The state has five ranks to classify schools’ MCAS standing: Level 1, meeting all their goals and showing growth; Level 2, not meeting gap narrowing goals; Level 3, at the bottom 20% of the schools in that area; Level 4, in the bottom of that 20%; Level 5, scores are desperately low.
“Overall on MCAS, we’re moving in the right direction toward our goal of getting all our schools into Level 1, and I am very excited to see how we’ll grown as we continue on with our small group instruction,” says Superintendent of Schools, John Macero.
Winthrop High School (WHS) had no failures in the English Language Arts (ELA) component and were above target. Students were on target in math, and if they remain on their current course, they should be where they should be within the next two years. In science and technology, the high school was above and on target. In general, WHS had strong scores and was commended for narrowing proficiency gaps. Macero attributes some of their success to the Advanced Placement Programs. MCAS is of foremost concern for seniors, who must pass the exams to graduate.
The middle school has not met its target yet, but is improving in some parts. Students’ ELA has remained at Level 2, and in science, everything was either on or above target.

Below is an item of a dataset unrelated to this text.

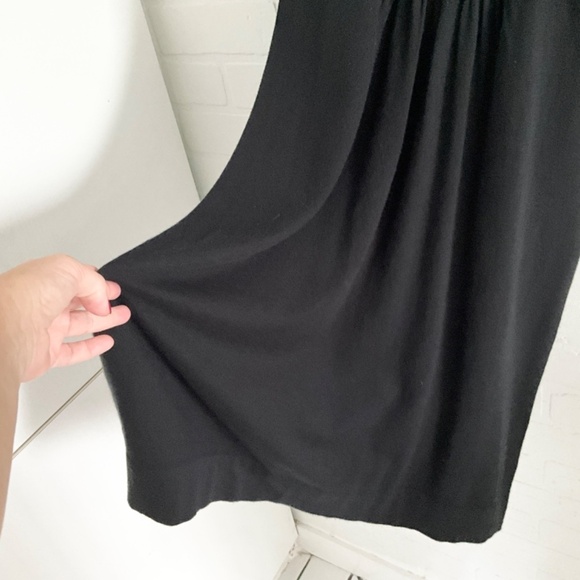 Banana Republic Mini Knit dress Milk maid Babydoll Pleated Black Silk Cotton S - Picture 6 of 11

Macero credits last year’s small group instructions for improved, elementary science scores.
“Anytime you give small group instruction, they’re going to do better,” says Macero, who has begun implementing, Response to Intervention into curriculums to help monitor scores.
In this three-tiered program, teachers are able to focus on which areas students are lacking in. A teacher may give a lecture during the whole group instruction; in the second category, teachers work with students in small groups; in the third, students who need extra support are given additional assignments.
Teachers can now concentrate on decoding ELA comprehension and fluency in K-5. Reviewing and breaking down the data to create focal groups has significantly bettered MCAS scores.
“When you monitor those exams, you’re able to give kids the proper group instruction,” says Macero. “It’s a district-wide initiative.”